Beginning with the line that holds "Antenne TV intérieure" and finishing with the line that holds "Beato angelico, madonna", repeat the listing exactly, leaving every picture out.

§ Source material
▽
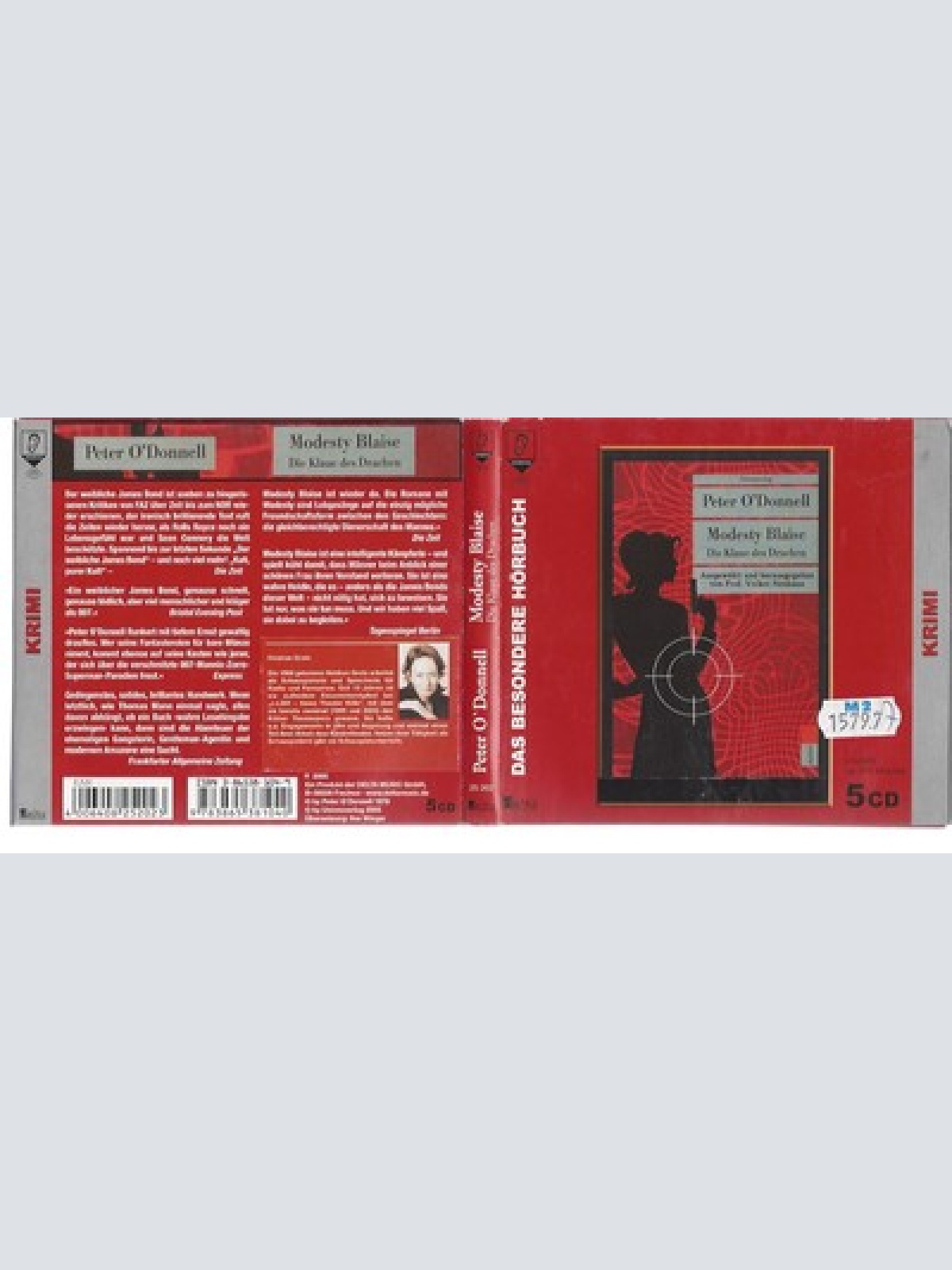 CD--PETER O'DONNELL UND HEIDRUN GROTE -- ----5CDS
△
▽
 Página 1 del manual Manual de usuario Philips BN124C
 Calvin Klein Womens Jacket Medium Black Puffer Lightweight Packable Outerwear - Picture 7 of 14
△
▽
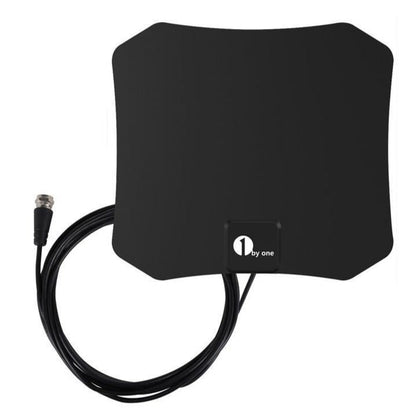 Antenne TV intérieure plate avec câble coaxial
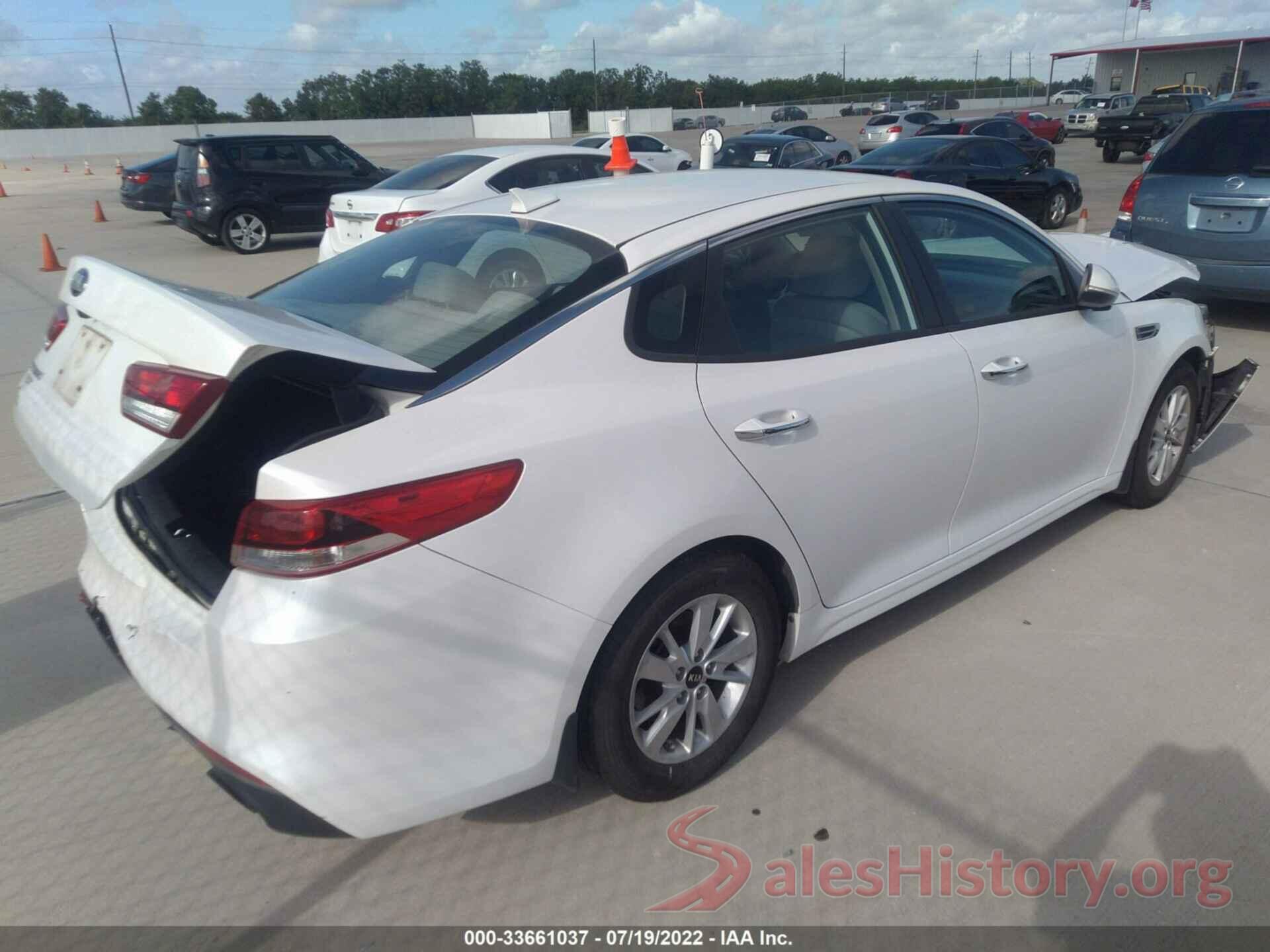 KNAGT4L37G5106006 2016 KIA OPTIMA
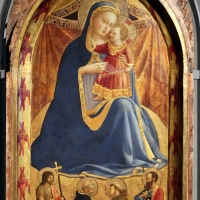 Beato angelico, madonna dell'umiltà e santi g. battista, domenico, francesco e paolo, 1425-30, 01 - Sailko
△
§ Your response
 Antenne TV intérieure plate avec câble coaxial
 KNAGT4L37G5106006 2016 KIA OPTIMA
 Beato angelico, madonna dell'umiltà e santi g. battista, domenico, francesco e paolo, 1425-30, 01 - Sailko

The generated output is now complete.